When Max Eastman took exception to the idea that atheists could not fight communism, William F. Buckley Jr. argued in a 1962 Los Angeles Times editorial that “atheists are less likely than Christians (or any other religious people) to put up the only kind of a fight that is truly relevant in the age of the atom.”  That is, the lack of a transcendent view of human existence leaves atheists ill-prepared to devote themselves entirely to the fight against materialistic communism.  Buckley did not base this position on an assumed affinity or sympathy between atheistic communists and people, otherwise properly anti-communist, who do not believe in a deity.  Rather, he believed that atheists would be uniquely vulnerable to timidity and panic in the face of apocalyptic nuclear confrontation.

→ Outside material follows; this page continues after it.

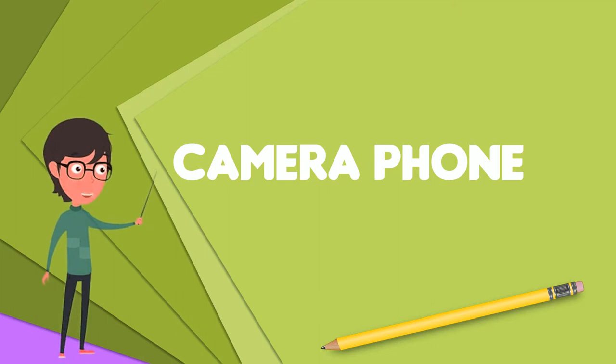The first camera phone was sold in 2000 in Japan, a Sharp JSH04J phone model, although some argue that the SCHV200 and Kyocera VP210 visual phone, both introduced months earlier in South Korea and Japan respectively, are the first camera phones.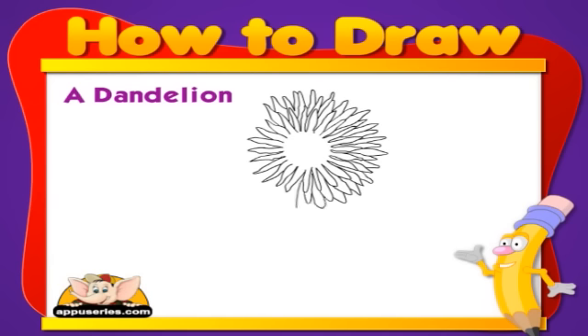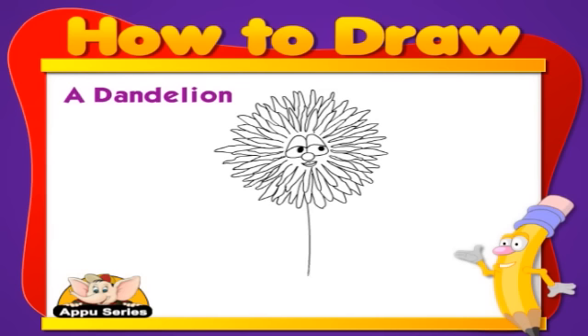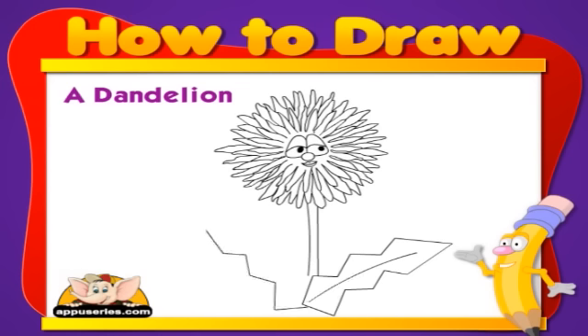Every part of the dandelion is useful: roots, leaves, and the flower itself. It can be used for food, medicine, and coffee.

For Buckley, the Christian has an advantage in this fight because communism “explicitly denies what we understand to be the roots of reality…religion, the belief in an ultimately undenying, and undeluded God.” When confronted with this ontological denial, the Christian will be possessed of a fervor that must prevent any notion of capitulation to saber rattling, while the atheist, lacking the surety of the world to come, may well bargain in order to save the only life he will have.  Thus, Buckley demanded that the leaders of his country be religious men, who would rather be dead than Red.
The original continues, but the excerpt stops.